I have a neural network $F^{\theta}(x)$ characterized by parameters $\theta$, and I am trying to update the network parameters using the following loss function
$$
\frac{ \nabla_{\theta} F^{\theta}(x) }{ \nabla_{x} F^{\theta}(x) } \bigg|_{x = inputs},
$$
i.e. the gradient of $F$ wrt network parameters divided by the gradient of $F$ wrt its inputs.

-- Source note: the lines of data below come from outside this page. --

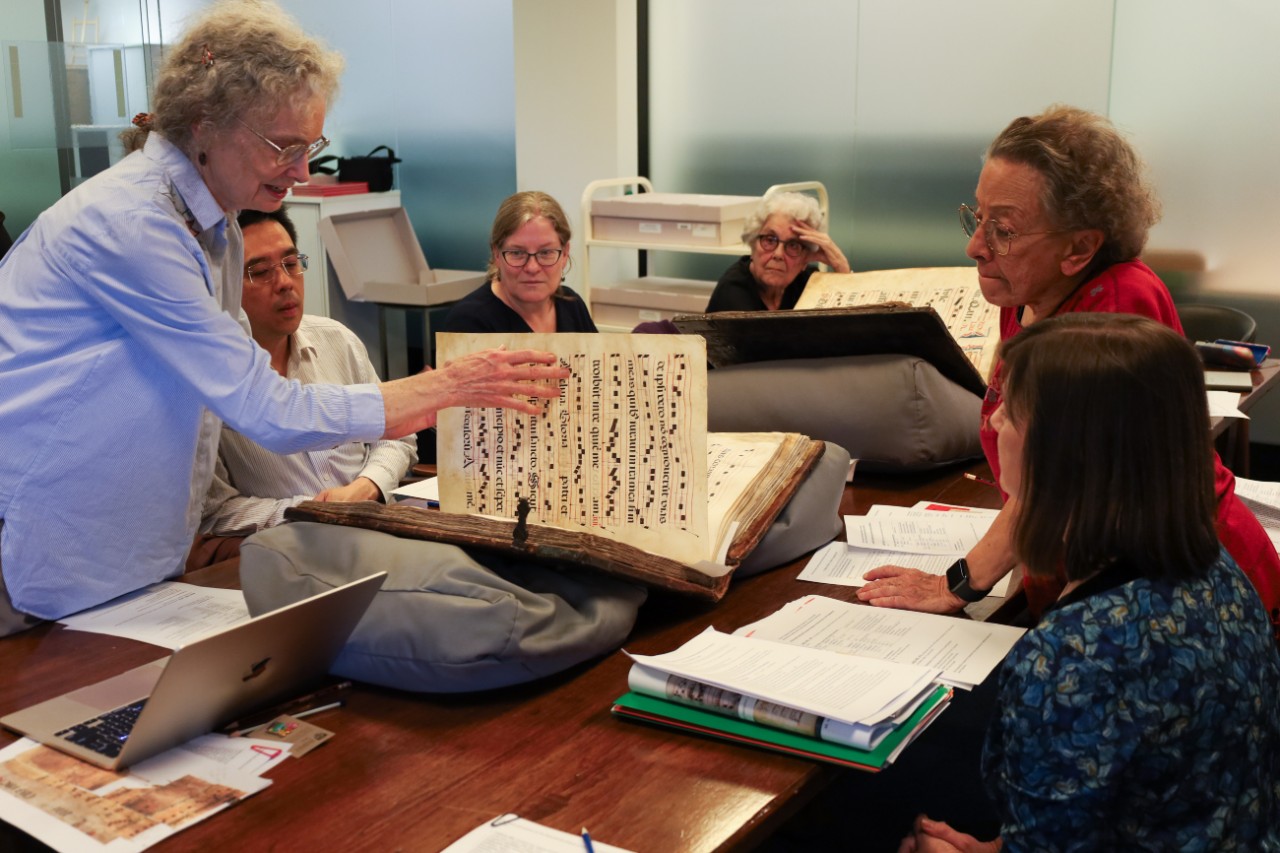 Group viewing a liturgical manuscript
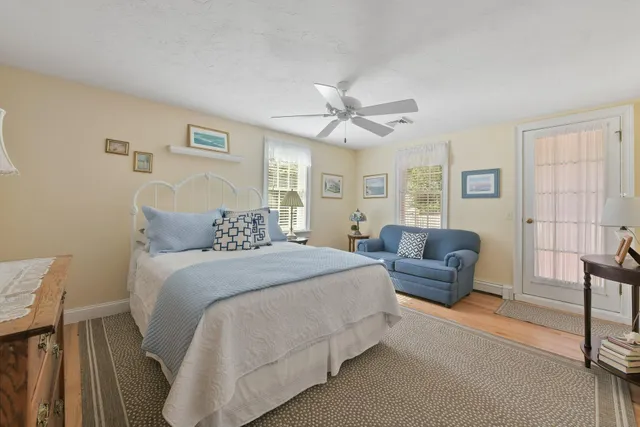 a spacious bedroom with a bed a couch and a chandelier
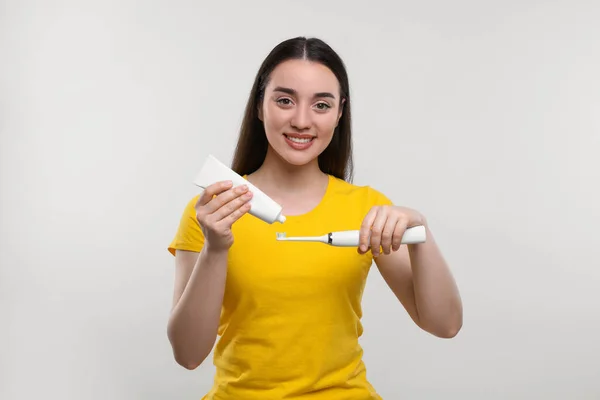 Szczęśliwa Młoda Kobieta Wyciskająca Pastę Zębów Tuby Elektryczną Szczoteczkę Zębów — Zdjęcie stockowe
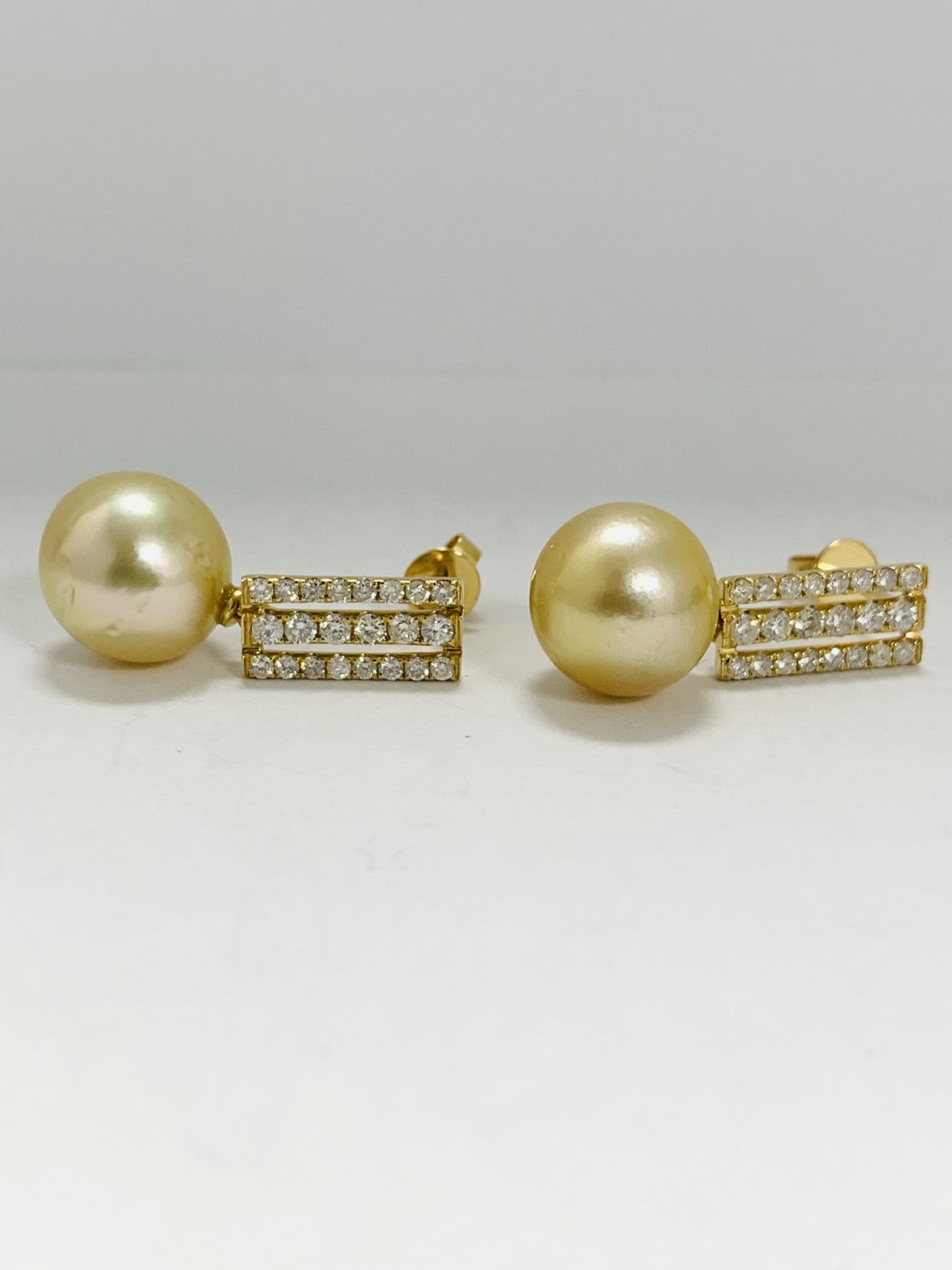 14K Yellow Gold Pair Of Earrings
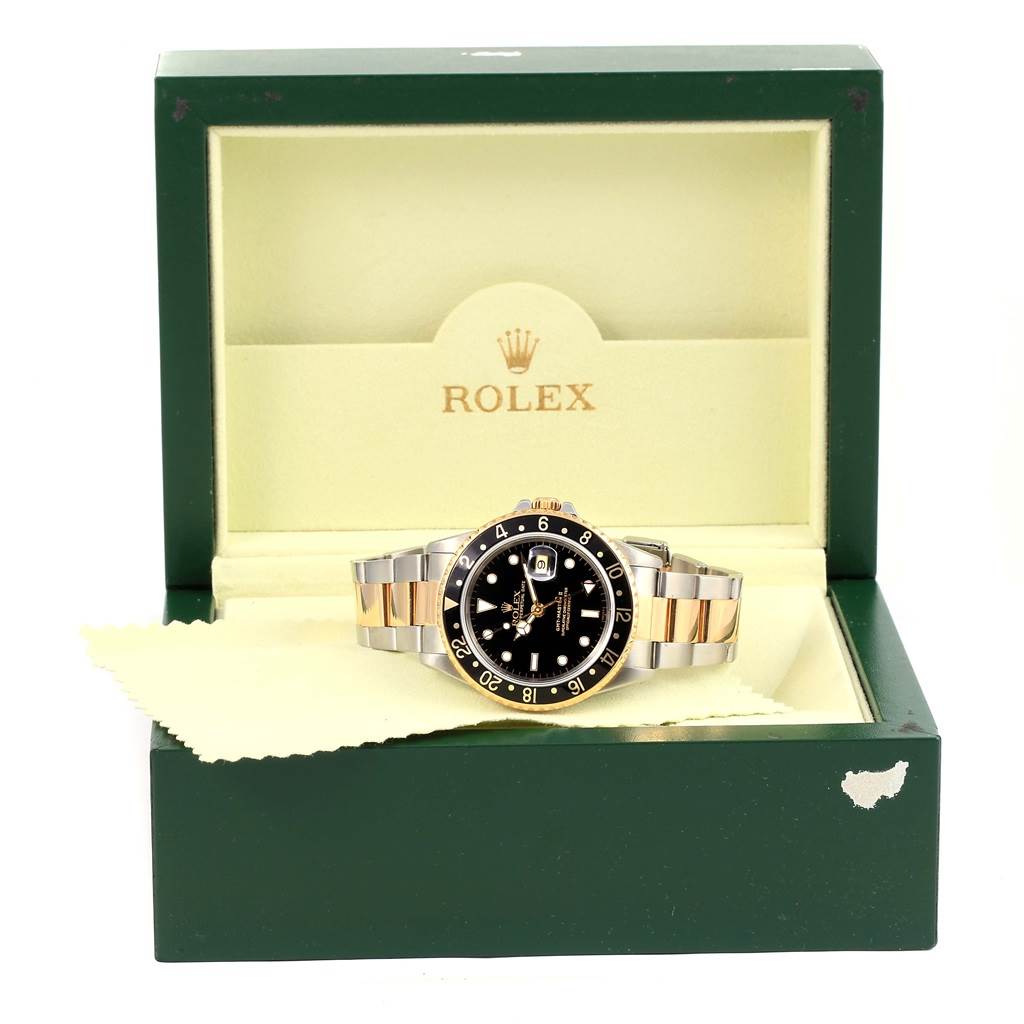 The Rolex GMT-Master 16713 Men's Stainless Steel Black Dial 16713 Men's Stainless Steel Black Dial watch is shown positioned in its open, green branded box, viewed from the front.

I have started implementing different approaches, which I believe lead to the same results:
model.optimizer.zero_grad()
x = inputs.clone().requires_grad_()
y1 = model(x)
# ... do one of the 3 approaches ...
loss.backward()
model.optimizer.step()
##### approach 1
grad_y_inputs = torch.autograd.grad(inputs=x,
outputs=y1.sum(),
grad_outputs=None)[0].detach()
y2 = model(inputs)
loss = y2 / grad_y_inputs
#####
##### approach 2
y1.sum().backward(create_graph=True)
loss = y1 / x.grad
#####
##### approach 3
y1.sum().backward()
y2 = model(inputs)
loss = y2 / x.grad
#####
- First of all, are the three approaches depicted here doing the desired gradient computation?
- Is there any preferred approach, e.g. computational or semantic issues?